Connor had a key to his grandma’s place so we didn’t need to wakeanybody and we sat in the kitchen while Connor did his packing. When he joined us about half an hour later, he was bright and bubbly as though he’d had a week’s sleep.  Andy was managing to stay awake and keep up the conversation but I was fading fast and eventually I just slumped forward and fell asleep with my head resting on the kitchen table.

I woke up about an hour or two  later to the smell of bacon sizzling i9n the frying pan. Andy was standing over the cooker teasing the bacon rashers about in the fat with a long fork and Connor was pouring out the cups of tea. We had the vbackon with baked beans and fried bread, gulpijng ot down us as though we hadn’t eaten for months. Connor kept checking his phone for the time as we ate. We washed up the dishes and then put on our coats while Connor slipped into his grandma’s room and said goodbye. Then he grabbed his backpack and crept out into the balcony.

It was really chilly outside in the street and we were shivering, waiting for a taxi to come by. Connor felt the cold the most and his teeth were chattering. I suppose he was anxious too. Eventually a taxi came and we piled in, glas to be out of the cold. We arrived at Lime Street Station at five past seven which gave us plenty of time to spare. The train was already waiting at the platform and there swere only a few people on on-board so we found him a good seat and then stepped back onto the platform.  We stood and talked about this and that then, just before it was time to go, he stepped back on the train and said he’d give us a call when he was coming over again and then he shook hands with us. That felt really strange. We stood then feeling a bit awkward until the doors closed automatically with a hish. Connor went to his seat and waved to us as the train pulled out. We stood and watched until the train was out of sight. It had been nice seeing him again. It made a nice change.

Whe we walked out of the station it was a bright daylight and a white frost had appeared on the ground. The whole town seemed clean and fresh and we shivered in the cold. It made me feel good. I decided that I was going to get away and do something with my life too and I told Andy what I was thinking. He said he’d been feeling the same. “We should try our hand in London,” he said and I said, “just pack our bags and go?” and he said, “Yeah!” and I agreed. We talked about it some more and then we thought about other places we could go, like Bristol. I said, “Our Tony might put us up for awhile”. We both had this strange determination as we crunched our way through the frost with our hands in our pockets and our breath turned to mist, soaking in the bright, cold sunshine that filed us with warmth inside.

We reached the bus-stops and waited awhile talking about what things we could do  and then my bus arrived first. I said a quick goodbye and told Andy I’d call him during the week to sort out some arrangements. On the way home all sorts of exciting ideas kept racing through my head, things I couldn’t wait to share with Andy.

As I walked up our road the frost had all melted away and the ground was wet and dull and my heart sank when I thought about what was going to face me when I walked in the house. I was beginning to feel very tired again. It came over me all of a sudden and my legs felt like lead.
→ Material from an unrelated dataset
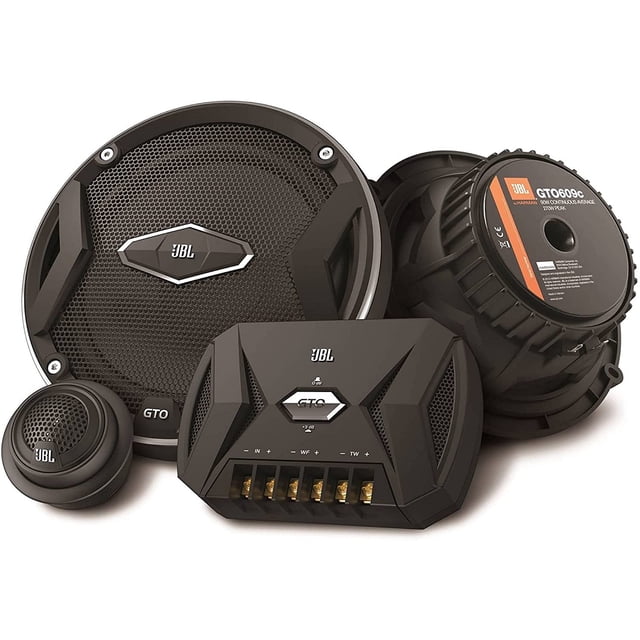 JBL GTO609C Sistema de altavoces estéreo con componentes de audio premium para automóvil de 270 vatios y 6-1/2" con tecnología patentada Plus One Woofer-Cone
By the time I reached the door all my energy had drained away and it was all I could do to keep my eyes open. My mum came out of the living-room when she heard the front door open. She had a big scowl on her face but she never said anything and neither did I. Without even thinking, I just slopped up the stairs and into my bedroom. I dragged my clothes off and fell into bed.

Just before i dropped off to sleep I caught a glimpse of the small change that had fallen out of my trouser pockets onto the floor. It was all I had left of my wages. Two nights out on the run and taxis everywhere had skint me for the month. By Tuesday I wouldn’t even have the bus fare to get me to work never London or Bristol. And how would I keep myself even if I did get there. But I was just too dog tired to even feel depressed anymore and I drifted away. It was three o’clock in the afternoon when I got up and came down the stairs to face the music.